Anil Andrias ajoute que des hindous se sont attaqués à des assemblées en prière, s’attaquant physiquement aux responsables et aux congrégations ayant défié les interdictions de rassemblement. Andrias confie que les attaquants ont ensuite déposé des plaintes auprès de la police, accusant les victimes d’avoir provoqué eux-mêmes les attaques en offensant les gens et leurs sentiments religieux. «Ils menacent les croyants de mesures restrictives comme le boycott social », ajoute le pasteur. Parmi les tentatives de harcèlement, explique-t-il, les chrétiens sont par exemple exclus des plans sociaux, interdits de collecte d’eau auprès des puits publics, ou encore d’embrunter les routes publiques…

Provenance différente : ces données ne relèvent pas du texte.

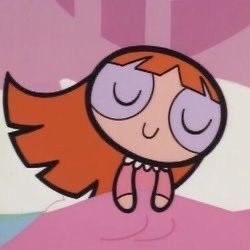 youravggrl's profile picture. your average girl, not next door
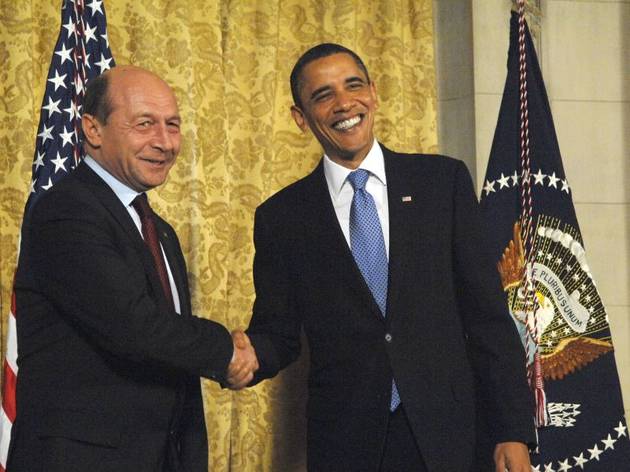 De ce se întâlneşte Traian Băsescu cu Barack Obama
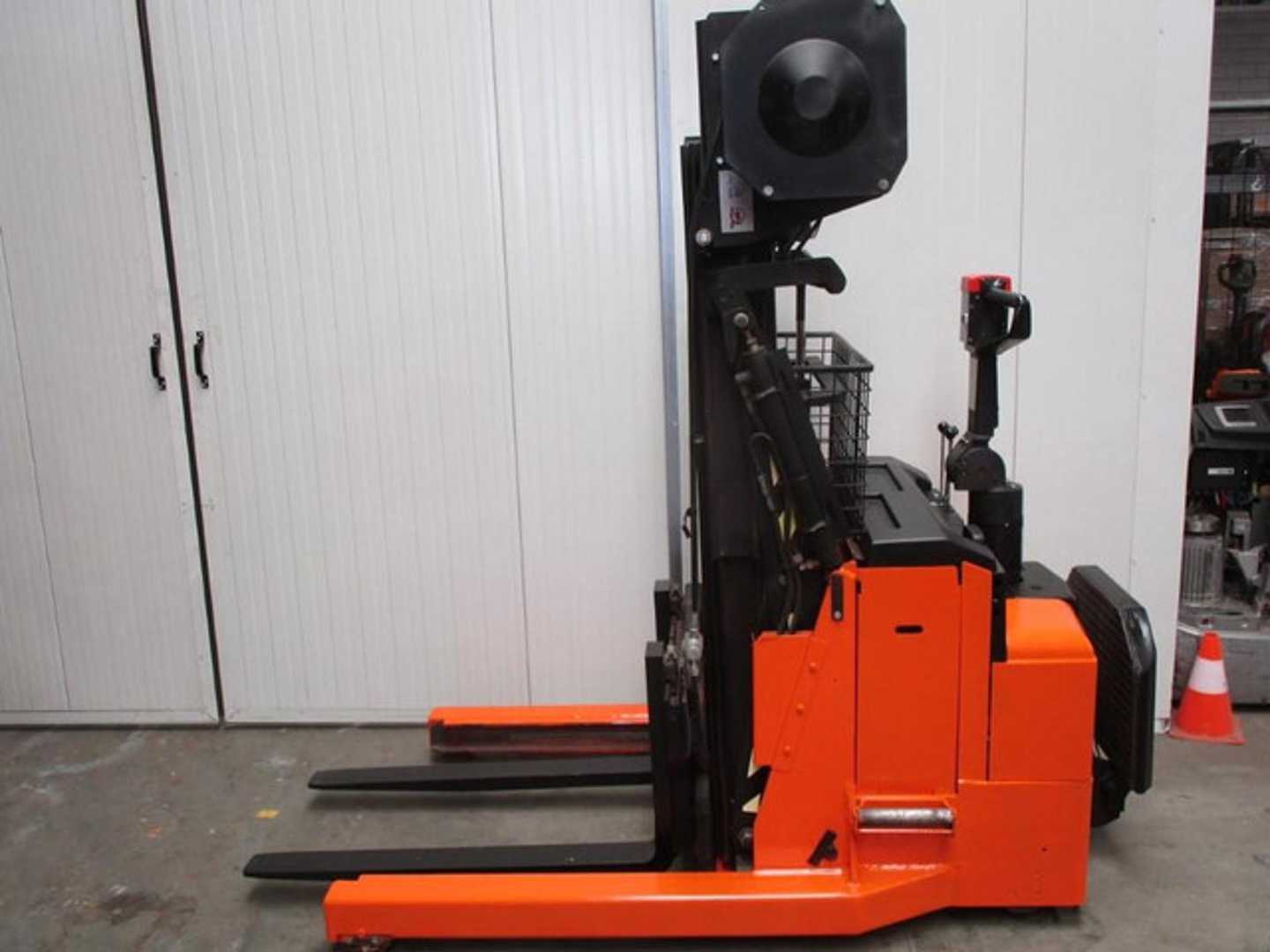 Használt targonca BT RWE120 ELEKTRO HOCHHUBWAGENFAHRERSTAND (13059439)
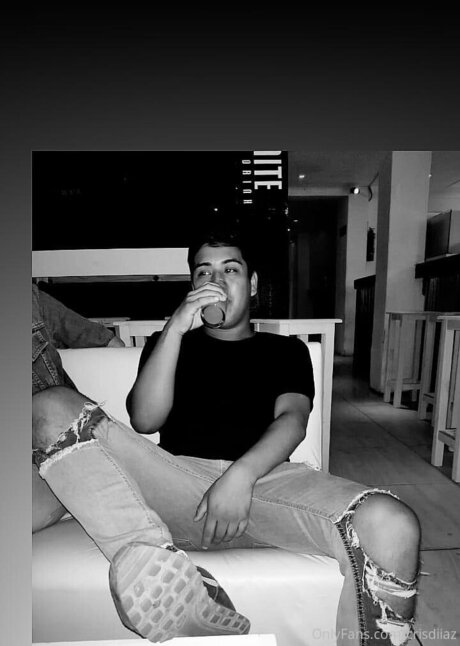 Crisdiiaz アダルトモデル 写真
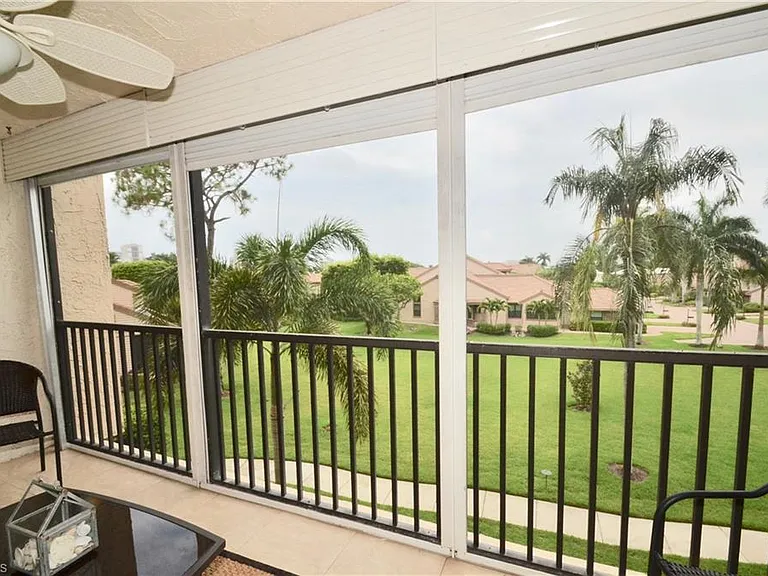 555 Park Shore Dr #B-309 — Photo 19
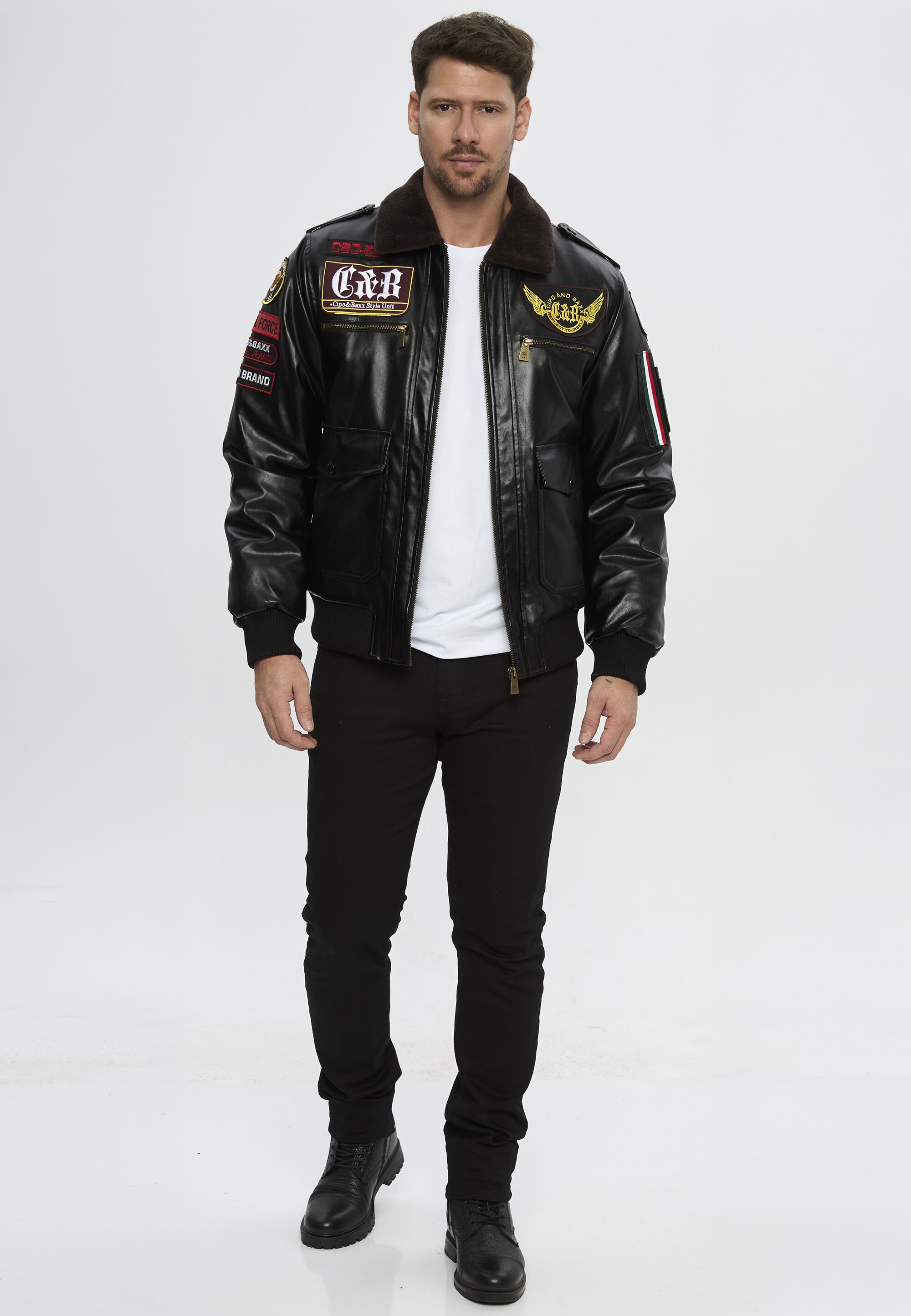 Cipo & Baxx Winterjacke »Winterjacke CM235« mit Kapuze Bomberjacke mit Kunstfellkragen & Patches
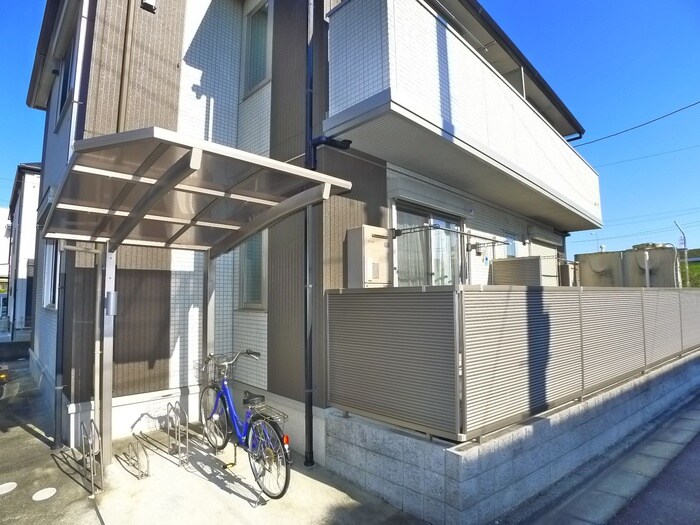 物件外観写真3　(駐輪場)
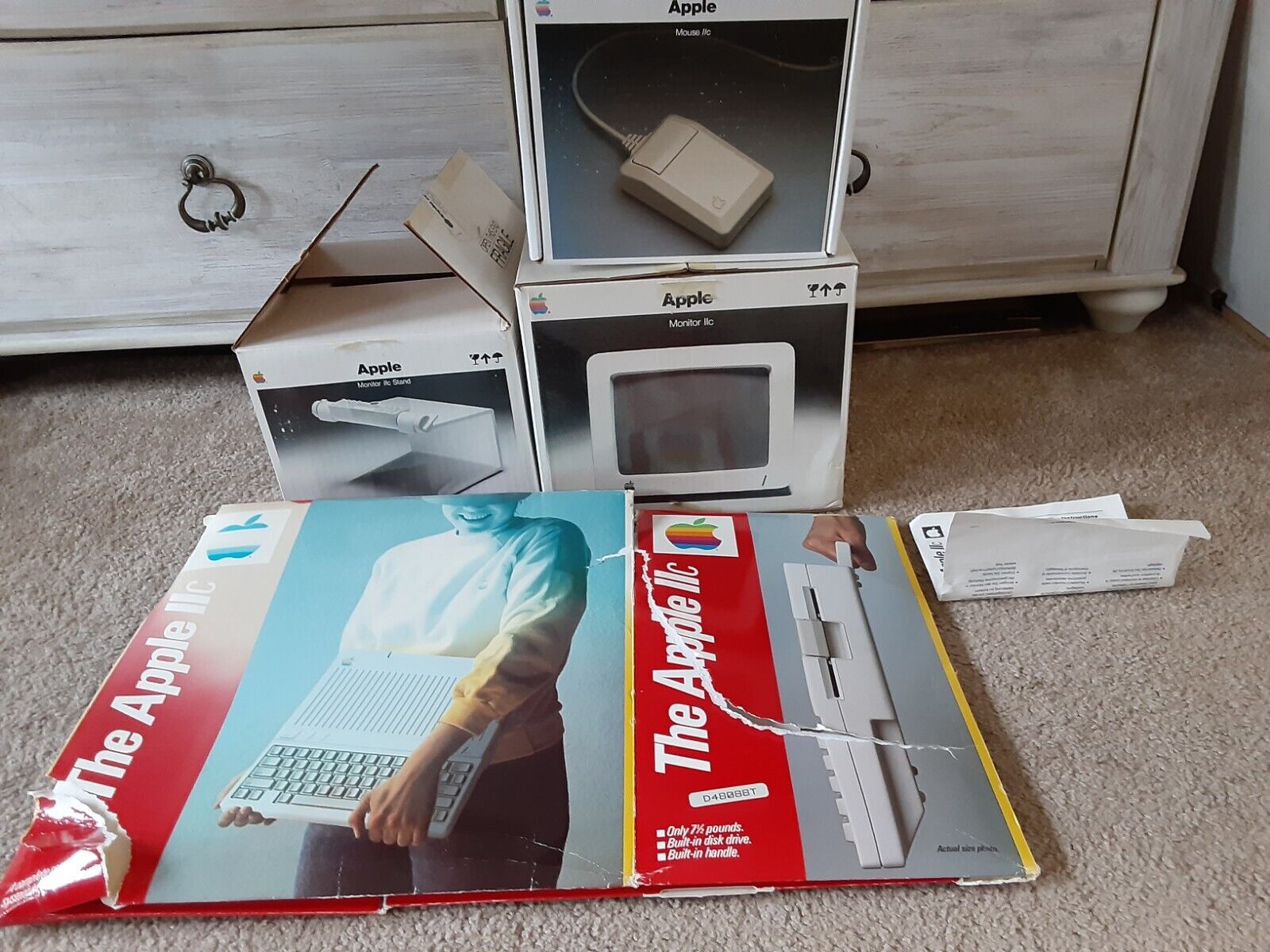 4 Vintage Apple IIC Stand  Monitor,Mouse,Monitor Boxes Only READ 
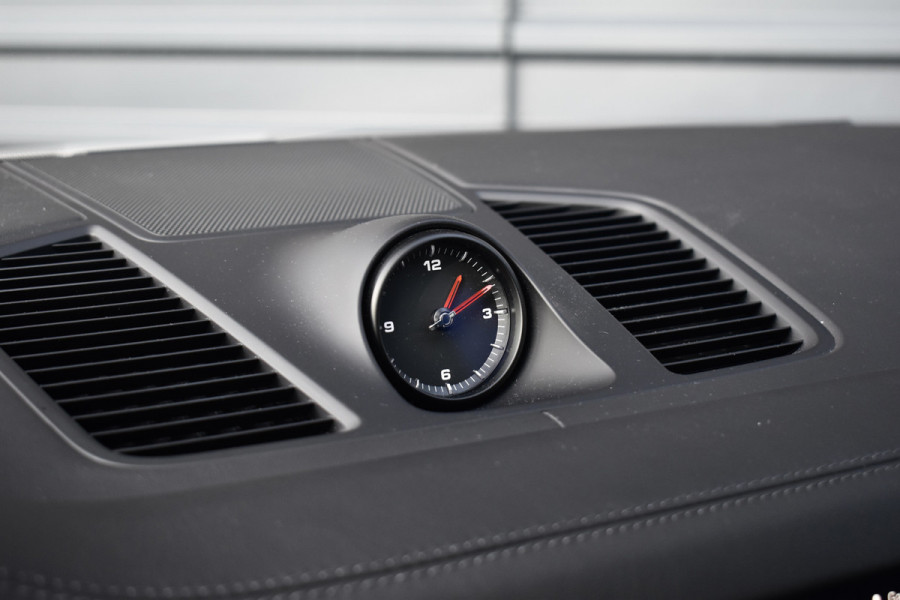 Porsche Cayenne Coupé 3.0 E-Hybrid 462pk Platinum Edition Techart *Krijt* | Pano | 22'' Wielen | Trekhaak | Massage | Stoelventilatie | Bose | Head-Up | Luchtvering |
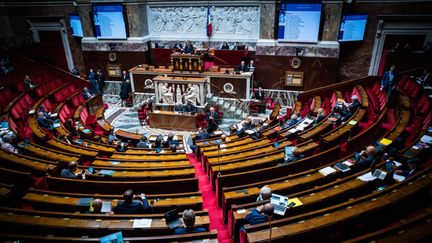 Les députés à l'Assemblée nationale, lors de l'examen du projet de loi d'orientation agricole, le 23 mai 2024. (XOSE BOUZAS / HANS LUCAS / AFP)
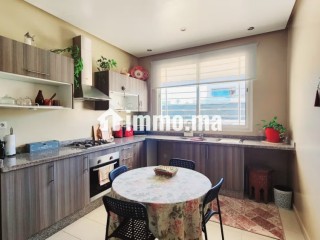 Élégante villa avec piscine à Dar El Kenz - Villa à vendre - Tantan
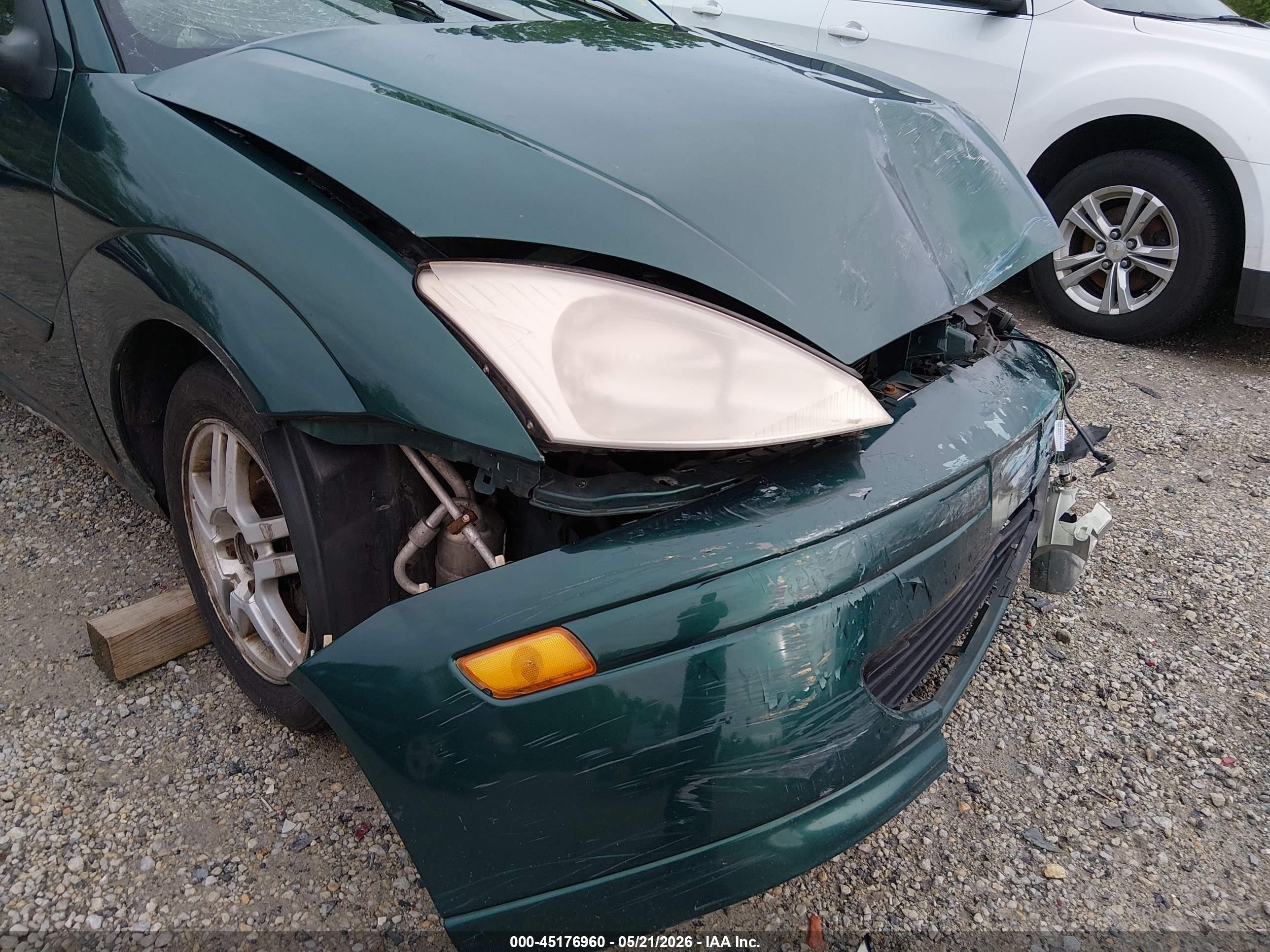 2000 Ford Focus Se Green vin: 1FAFP3434YW253977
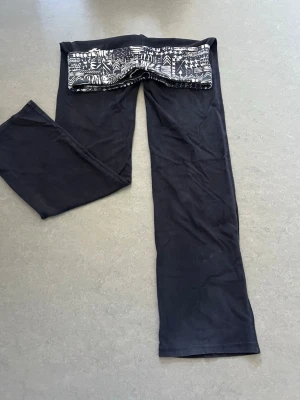 Hollister - Yoga pants🖤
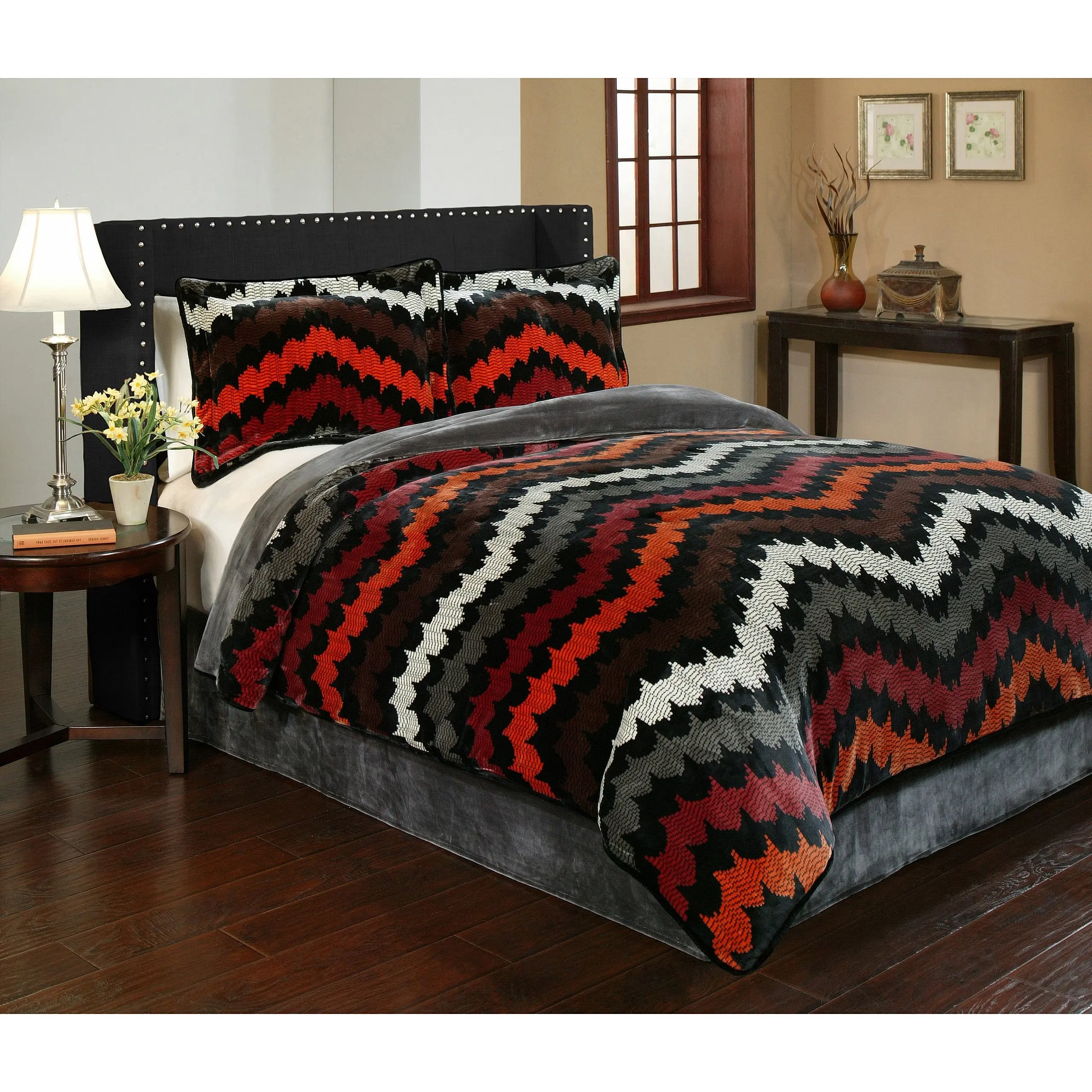 3 Piece Grey Brown Red Orange Southwest Chevron Comforter Queen Set, Multi Boho Chic Horizontal Zigzag Stripe Tribal Bedding, All Over Zig Zag Southwestern Themed Pattern Microplush Velvet Black White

Shibu Thomas, de Persecution Relief, confie que certaines affaires sont montées de toutes pièces : «Dans 99% des cas, ils font appel à des faux témoins et les victimes chrétiennes sont parfois condamnées à des peines sévères. Si les victimes font appel à l’aide de la police, elles se retrouvent accusées. ‘C’est vous les coupables’ se voient-ils répondre. C’est un signe inquiétant. Malheureusement, la police est de mèche avec les fanatiques et choisit des membres qui soutiennent leur action. »
Pourtant, Sheela Santiago, une catholique et membre dirigeante du BJP dans l’état de Madhya Pradesh, assure que son parti et ses membres n’ont été impliqués dans aucun incident contre des chrétiens : « Le BJP est un parti national qui travaille au service de tous, sans aucune discrimination. » Sheela admet que « certains groupes hindous extrémistes » ont été impliqués dans des incidents parce qu’ils pensent que les chrétiens tentent de convertir les hindous par la force. Les chrétiens représentent 2,3% (29,9 millions) de la population indienne (1,3 milliards d’habitants), 80% des indiens étant hindous.